▶ **Try it**
Retype every record exactly. Skip the images.

▶ **Listed records**
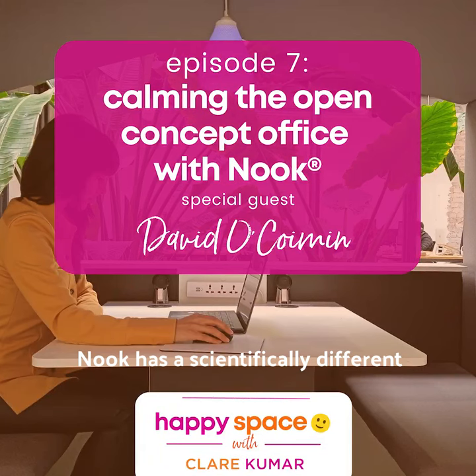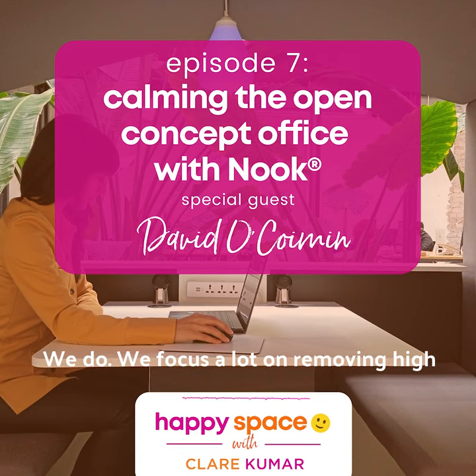Nook has a scientifically different sound pressure inside than it does outside. We focus a lot on removing high-frequency noise.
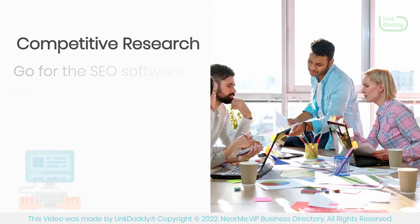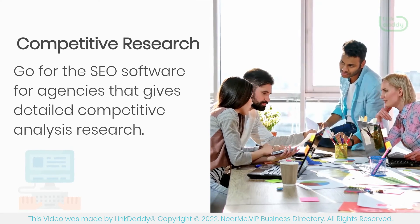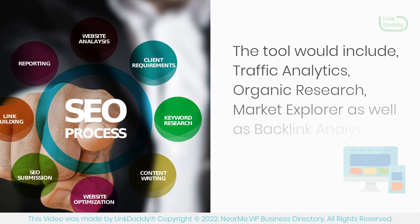Competitive Research: Go for the SEO software for agencies that gives detailed competitive analysis research. This is helpful in making informed decisions. The tool would include Traffic Analytics, Organic Research, Market Explorer, as well as Backlink Analytics.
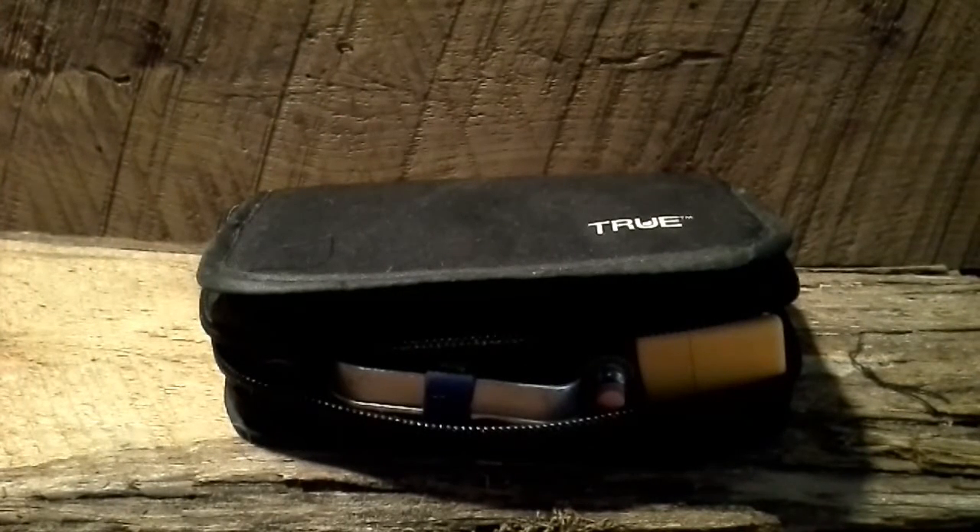Hey YouTube, Rando here. I wanted to do a full rundown on my EDC — what I'm carrying every day right now. I don't carry my EDC pouch anymore; I used to carry it everywhere but now I just use it as a truck bag. I still have my first aid kit, tool bag, and all that stuff — it just stays in my truck. I don't carry it with me everywhere.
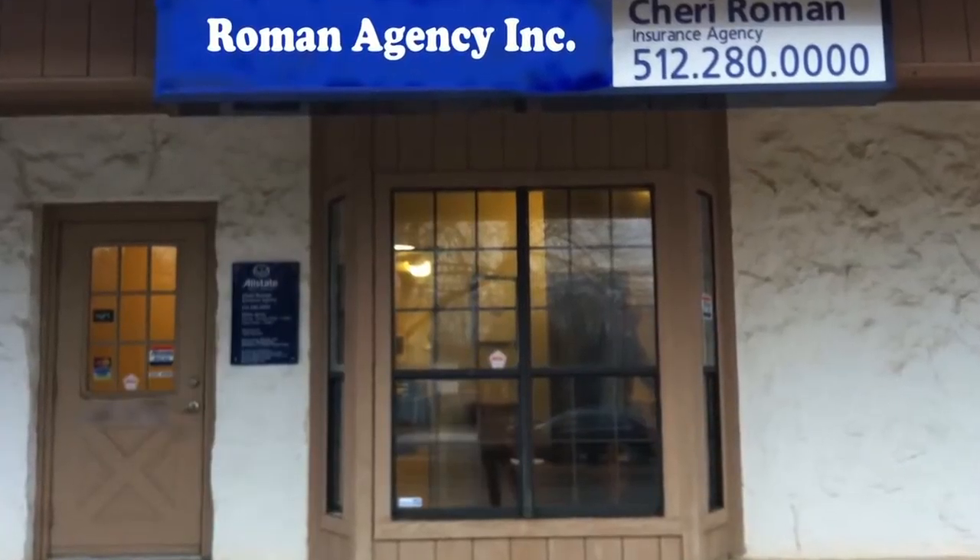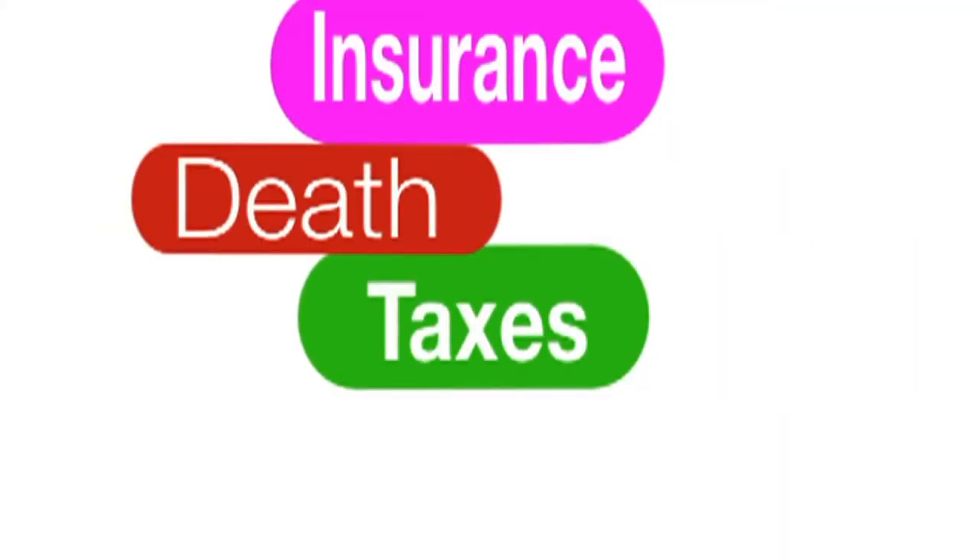Hi, I'm Sherry Roman from Roman Agency, Inc. in Austin, Texas. Welcome to another segment of Insurance, Death and Taxes.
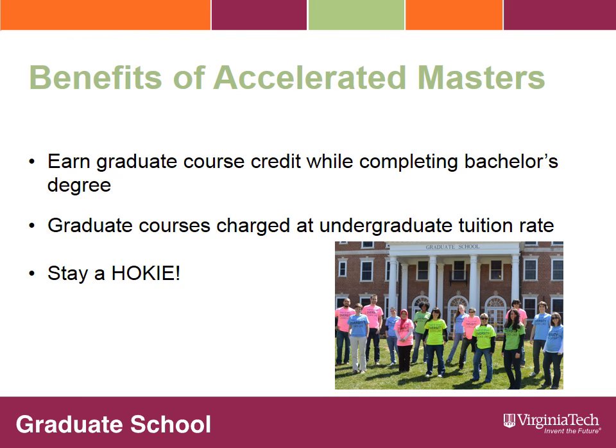The accelerated master's program offers several benefits to students. First, the student is able to earn graduate credit towards the graduate degree while completing their bachelor's degree, allowing the student to reduce the total number of semesters they must take as a graduate student. Courses taken while an undergraduate-graduate or dual option student are charged at the undergraduate student tuition rate rather than the higher graduate student tuition rate, thereby saving in the overall cost of earning a graduate degree. And finally, earning your graduate degree at Virginia Tech allows you to remain a student Hokie even longer.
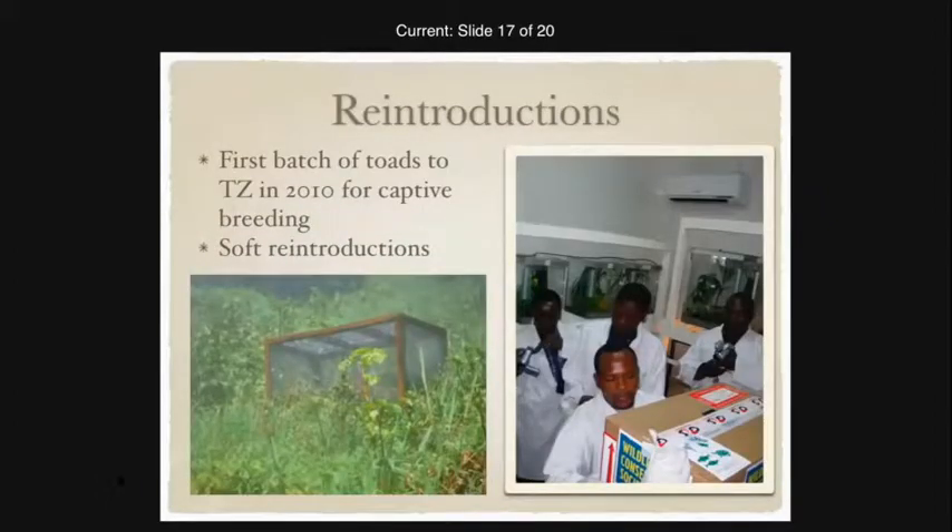For reintroductions, the first batch of toads was brought back to Tanzania in 2010 for captive breeding, and the presenter was fortunate enough to take these toads back for their first journey home. There was a lot of fanfare — they flew on KLM, and the flight crew was alerted ahead of time. Special approval was needed in addition to all required permits. The toads were carried on as carry-on luggage and flew in the cabin.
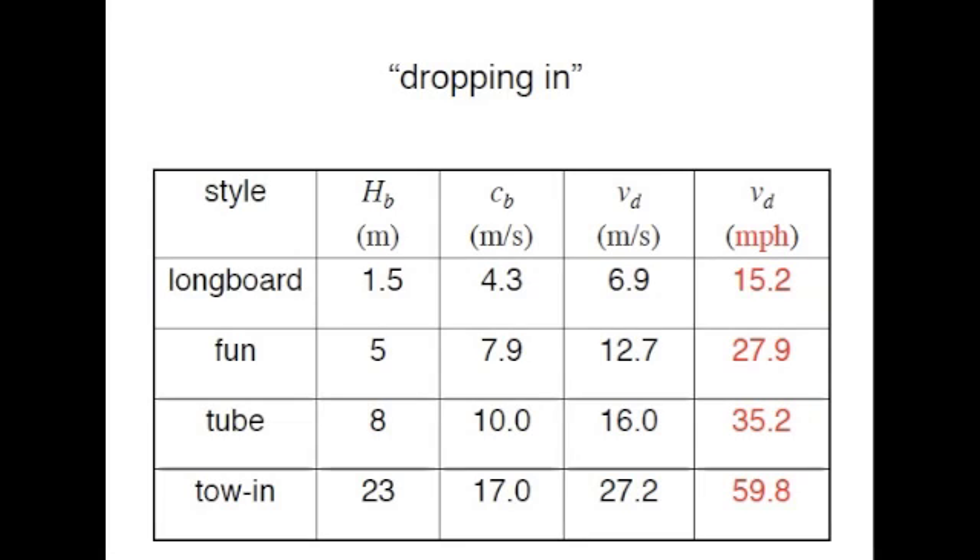the larger the wave's amplitude, the faster one has to paddle to catch it. The first and second columns explain wave height and speed, while the third demonstrates how fast one must paddle to catch the wave. The fourth column shows how fast a surfer will be traveling following their descent down the massive wave's face.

▶ **Response to this exercise**
Nook has a scientifically different sound pressure inside than it does outside. We focus a lot on removing high-frequency noise.
Competitive Research: Go for the SEO software for agencies that gives detailed competitive analysis research. This is helpful in making informed decisions. The tool would include Traffic Analytics, Organic Research, Market Explorer, as well as Backlink Analytics.
Hey YouTube, Rando here. I wanted to do a full rundown on my EDC — what I'm carrying every day right now. I don't carry my EDC pouch anymore; I used to carry it everywhere but now I just use it as a truck bag. I still have my first aid kit, tool bag, and all that stuff — it just stays in my truck. I don't carry it with me everywhere.
Hi, I'm Sherry Roman from Roman Agency, Inc. in Austin, Texas. Welcome to another segment of Insurance, Death and Taxes.
The accelerated master's program offers several benefits to students. First, the student is able to earn graduate credit towards the graduate degree while completing their bachelor's degree, allowing the student to reduce the total number of semesters they must take as a graduate student. Courses taken while an undergraduate-graduate or dual option student are charged at the undergraduate student tuition rate rather than the higher graduate student tuition rate, thereby saving in the overall cost of earning a graduate degree. And finally, earning your graduate degree at Virginia Tech allows you to remain a student Hokie even longer.
For reintroductions, the first batch of toads was brought back to Tanzania in 2010 for captive breeding, and the presenter was fortunate enough to take these toads back for their first journey home. There was a lot of fanfare — they flew on KLM, and the flight crew was alerted ahead of time. Special approval was needed in addition to all required permits. The toads were carried on as carry-on luggage and flew in the cabin.
the larger the wave's amplitude, the faster one has to paddle to catch it. The first and second columns explain wave height and speed, while the third demonstrates how fast one must paddle to catch the wave. The fourth column shows how fast a surfer will be traveling following their descent down the massive wave's face.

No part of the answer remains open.